(Data to examine)

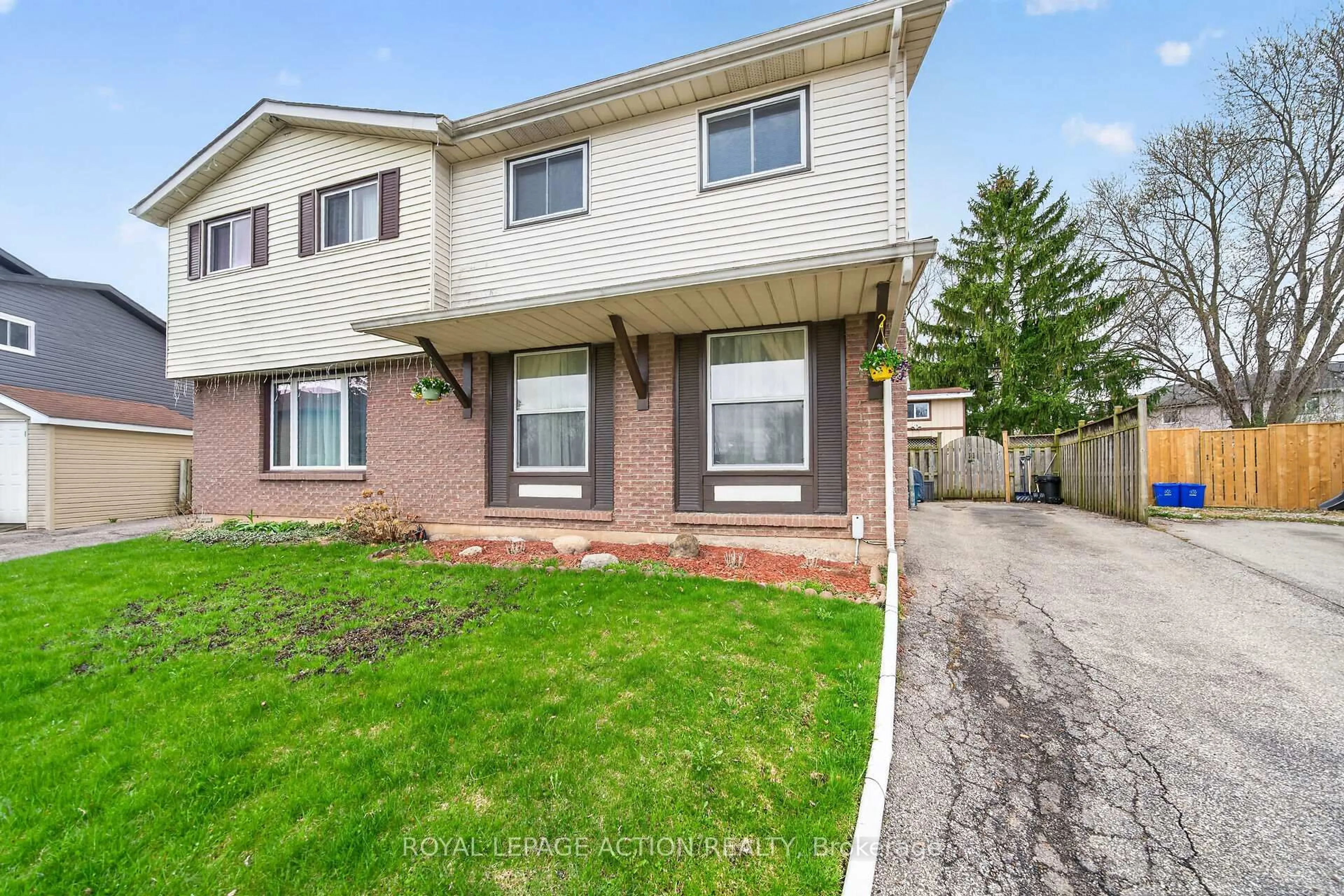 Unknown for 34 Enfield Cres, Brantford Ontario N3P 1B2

(End Data to examine)
(Data to examine)

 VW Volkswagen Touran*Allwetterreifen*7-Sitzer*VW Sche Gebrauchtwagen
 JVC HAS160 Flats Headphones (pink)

(End Data to examine)

About this exercise:
The stretch of entries above that starts with the line containing "VW Volkswagen Touran*Allwetterreifen*7-Sitzer*VW" and goes on through the line containing "JVC HAS160 Flats Headphones (pink)" is to be transcribed exactly, and no other line is to be transcribed.

Solution:
 VW Volkswagen Touran*Allwetterreifen*7-Sitzer*VW Sche Gebrauchtwagen
 JVC HAS160 Flats Headphones (pink)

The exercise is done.